Editorial Rating: 5 Stars

“The playing’s the thing…”

Friday night is music night – well pretty much every night is actually – at the Usher Hall, but it is also RSNO night and this last Friday they played a successful combination of the well known, the eccentric, and the obscure.

Let’s start with the obscure.  Our evening kicked off with Rodion Schredrin’s Concerto for Orchestra No 1Ozorniye Chatuski”, roughly (but appropriately) translated as Naughty Limericks, the music being based on short and bawdy popular songs.  Had you heard of Shchedrin?  Did you know that, unlike Shostakovich, he had few problems with the State authorities, or that Leonard Bernstein was a fan?  I confess I didn’t, and I warmed to this delightful eight-minute pastiche that certainly had shades of not only Bernstein’s West Side Story but also Walton’s Facade.  The RSNO played with precision and affection that set us up well for the evening.

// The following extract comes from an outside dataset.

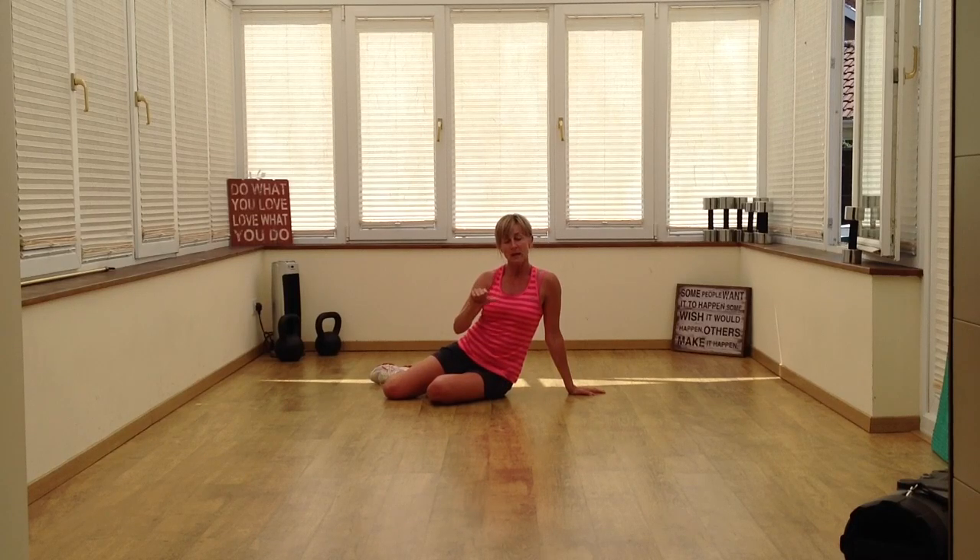So there you've got your burpees, your lunges, and your prone pull. Remember, these are just quick technique tips. If you need any more help or another alternative, please get in contact with me and I'll sort you out. Thank you.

There followed what I suspect everybody came for, Rachmaninov’s Piano Concerto No 3 in D minor.  This is a glorious piece, Rachmaninov’s passport to his new life in the USA, and premiered with him soloing with the New York Symphony Orchestra under Walther Damrosch in 1909.  The work is so gorgeously, gloriously and unashamedly romantic that it is tempting, especially for the younger soloist, to ham it up. Hats off, then, to the 31 year old Boris Giltburg, Russian born but now based in Tel Aviv, whose performance was restrained, measured and perfectly controlled so that you felt that it was the composer rather than the soloist speaking to you. The slower than normal tempo of the opening Allegro ma non tanto allowed clear as a bell timbre in terms of notation and phrasing so that you felt you were really getting to the music rather than being overwhelmed by romantic mush.  The long solo passages again made you feel you could hear every note in every chord with extraordinary attention to detail with well judged and never over the top expression. The young man demonstrated maturity beyond his years and true artistic humility that won the hearts of audience and orchestra alike.  His encore was an extraordinary exercise in bravura.

And what of the orchestra? I would describe their playing as both totally integrated with the soloist but also supportive, with solo wind, especially flute and cor anglais, almost curling round the piano part as if they were dancing together. The strings brought out everything we wanted to hear but rightly stopped just short of Hollywood. Percussion and brass were necessarily bold and strong. We heard the piece uncut, symphonic in length and also stature.

Following the interval came Shostakovich’s Symphony No 6. Shostakovich wrote a patchwork quilt of fifteen symphonies from the full on 5th, 7th and 8th to the miniscule 15th. The sixth comes stylistically somewhere near the latter, a mere 35 minutes and three movements, but to their credit guest conductor Carlos Miguel Prieto and the RSNO made me take this eccentric work more seriously than before. A sombre first movement with a broad, bleak opening line from the violas and cellos followed by sparse, exposed flute and trumpet made this a signature Shostakovich work. As it progressed we were given some lighter relief in terms of joyful woodwind and even humorous, full on brass, resounding tam tam and timpani. A short work rich in contrasts and emotions, well played.

This was a surprisingly good concert given, or maybe because of, the choice of programme. I was impressed by the depth of the interpretations of the Shchedrin and Shostakovich, and the restraint and maturity shown in the Rachmaninov. So I wondered, what makes a successful concert? Programming, interpretation, of course, but perhaps above all the degree of engagement between players, soloist and conductor, and above all between players and audience. The orchestra and their guest conductor clearly had an excellent rapport, as did they with us, rewarding us with a delightful Chabrier style parody encore. So the engagement, and to misquote Hamlet, “the playing’s the thing”. Well played.